TV Set Assembling TV Antenna Manufacturing has already seen quite a considerable number of profit making industrial enterprises in and around Siliguri. Similar enterprises could be set up in Darjeeling, K

Bio-fertilizer units have tremendous potential in view of adverse effects of chemical fertilizers on the quality fo tea in particular and other agricultural produce in general. There is also a possibility for processing the urban waste into organic manure which shall find ready market in the tea and other plantations. Siliguri Municipal Corporation area alone produces about 200 MT of garbage daily.

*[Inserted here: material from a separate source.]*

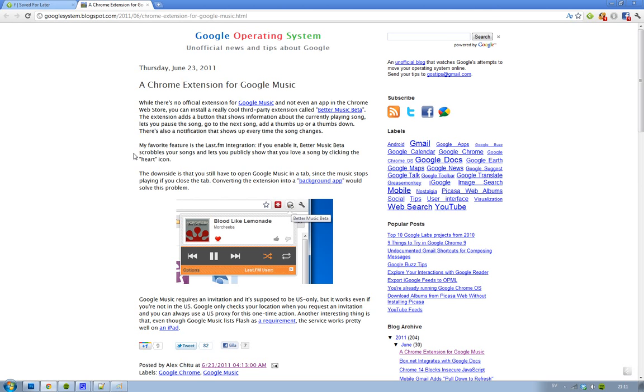You need Flash installed, but it should work pretty good on the iPad as well. This new third-party extension is pretty awesome if you're using Google Chrome.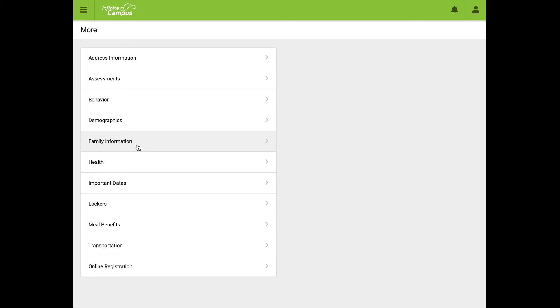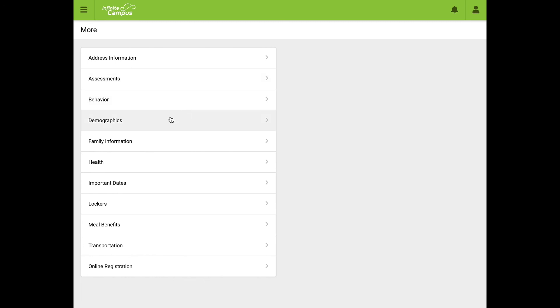So the three tabs you'll use to do this process and update all your information to keep us up-to-date in our system so we can reach out when we need to: Address Information for address and phone number, Demographics for non-household relationships, and Family Information for primary household relationships and primary emergency contacts.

Household consumables and consumer durables both can be produced at Siliguri in view of large distribution network which can be used for marketing of these products in eastern India.
As a result of growth of small and medium industry around Siliguri there is a possibility of setting up of units for manufacturing of industrial spares, consumables, lubricants, automobile spares and other such articles of replaceable nature.

SKILL BASED INDUSTRIES

The artisans of these districts create exquisite varieties of ornaments, carpets, household articles, handicrafts, and other articles, which are widely acclaimed. The traditional cottage industries also include woolen garments, and cane and bamboo work. These cottage and handicraft industries however need proper marketing support through purchase, organising of handicraft exhibitions, formation of societies and guilds etc.

TOURISM BASED INDUSTRIES

Darjeeling needs wayside resorts at places like Sukna, Mirik, Teesta, Malli, Kurseong etc. where travelers could halt for brief rest and refreshment.
Big size highway hotels, catering to corporate conference and seminars are required for attracting business travel.

The existing and proposed hotels and extend their services to the local clientele and weekend tourists through swimming pools, Golf courses, family resorts, hut clusters etc.
Organisation of craft meals, local folk cultural meets, flower shows, Himalayan Car Rally etc. at a fixed time in the year preferably in March, April and May by the resorts themselves would attract visitors from all over the country.

Conversion of depressions, marshy land etc. into shallow waters for attracting migratory birds and construction of small resorts and catering facilities around these sites will attract local parties, wedding, school children and weekend tourists.